L’art est la faculté de produire le vrai avec réflexion.

Aristote (384-322 ACN), Éthique à Nicomaque, VI,3.

Vincent Van Gogh (1853-1890), La Nuit étoilée, 1889.

Maurice Ravel (1875-1937), Miroirs pour piano, 1. Noctuelles, interprété par Jean-Yves Thibaudet.

Dosso Dossi (1489-1542), Jupiter, Mercure et la Vertu (détail), 1529.

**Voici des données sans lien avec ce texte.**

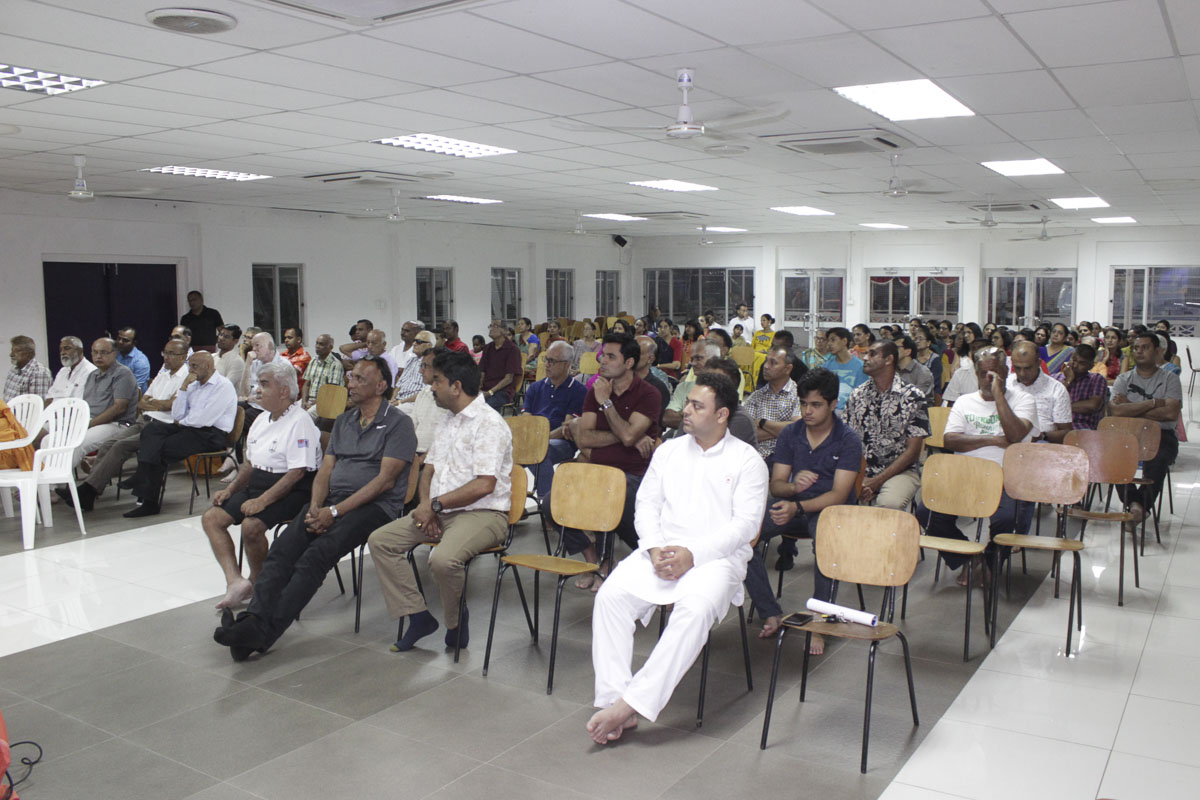 Devotees during the assembly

« « De même que certains imitent par les couleurs et le dessin bien des choses dont ils nous tracent l’image, de même que les autres imitent par la voix […] tous réalisent l’imitation par le rythme, le langage, la mélodie combinés ou non. Par exemple, le jeu de la flûte, de la cithare et les autres arts qui ont le même effet, comme le jeu de la syrinx, imitent en recourant seulement à la mélodie et au rythme, et la danse imite à l’aide du rythme sans mélodie; car les danseurs aussi, à l’aide des rythmes que traduisent les danses, imitent des caractères, passions et actions. » (Aristote Poétique)

Qu’est-ce qu’un poète?

La mimèsis est la représentation d’une action vraisemblable, l’artiste construit son imitation/représentation à partir du réel, et en particulier le réel humain: tel est l’objet de celui qu’Aristote appelle le « poète » en son sens le plus large, cet artiste de fables, cet imitateur des mœurs, des crises, des actions et des passions humaines. Le « miméticien » s’inspire du réel et et y mêle l’invention en un savant agencement et une belle structure. Mais d’où vient cet art de l’imitation qui fait le poète?

L’art comme instinct

Comme tous les animaux, l’homme possède in instinct d’imitation, il est même l’animal qui imite le plus et le mieux, d’où l’art, phénomène humain par excellence. Si l’essence de l’art est fondamentalement mimétique, il vise également le plaisir: ce que l’art imite plaît toujours; plus loin, ce qui nous laisse parfaitement indifférent ou nous repousse dans le réel, se trouve rendu plaisant et intéressant par le biais de l’art. […]

Imiter et non pas copier

Si « l’art imite la nature« , ainsi que l’enseigne Aristote dans sa Physique, son œuvre d’imitation n’est pas une simple copie. L’art ne consiste pas à reproduire la nature telle quelle, fidèlement, comme pour concurrencer son modèle. Il n’est pas un effort pour redoubler la réalité. […] 

L’artiste « surpasse » la nature

Il s’agit pour l’artiste de dégager l’essentiel de ce qu’il imite, une forme qui doit apparaître distinctement par-delà la matière à laquelle elle est associée dans la nature. L’art figure ainsi le réel, il fait voir, il ne se contente pas de représenter, il présente et fait connaître. L’art possède ainsi une dimension pédagogique et cognitive. Pour ce faire, l’art isole un morceau de réel, et le propose à son spectateur sous une forme figurée. Il donne ainsi à voir ce que la nature ne met pas immédiatement en avant ou faillit à présenter distinctement. En cela, l’artiste la dépasse, voire la surpasse. L’artiste peut imiter de bien des manières selon Aristote, son champ de représentation est fort vaste: il peut représenter ce que les choses sont réellement ou encore ce qu’elles devraient être. Ainsi peut-il être aussi bien réaliste qu’idéaliste, et dans le dernier cas, son art transfigure le réel qu’il idéalise par le biais de sa perception.

« Peut-être est-ce impossible qu’il y ait des hommes tels que Zeuxis les peignait, mais il les peint en mieux, car il faut que ce qui doit servir d’exemple l’emporte sur ce qui est. » (Aristote, Poétique) » 

Cyril Morana et Éric Oudin, Petite philosophie de l’Art de Platon à Deleuze, Paris, Éditions Eyrolles, 2020, pp. 39-40.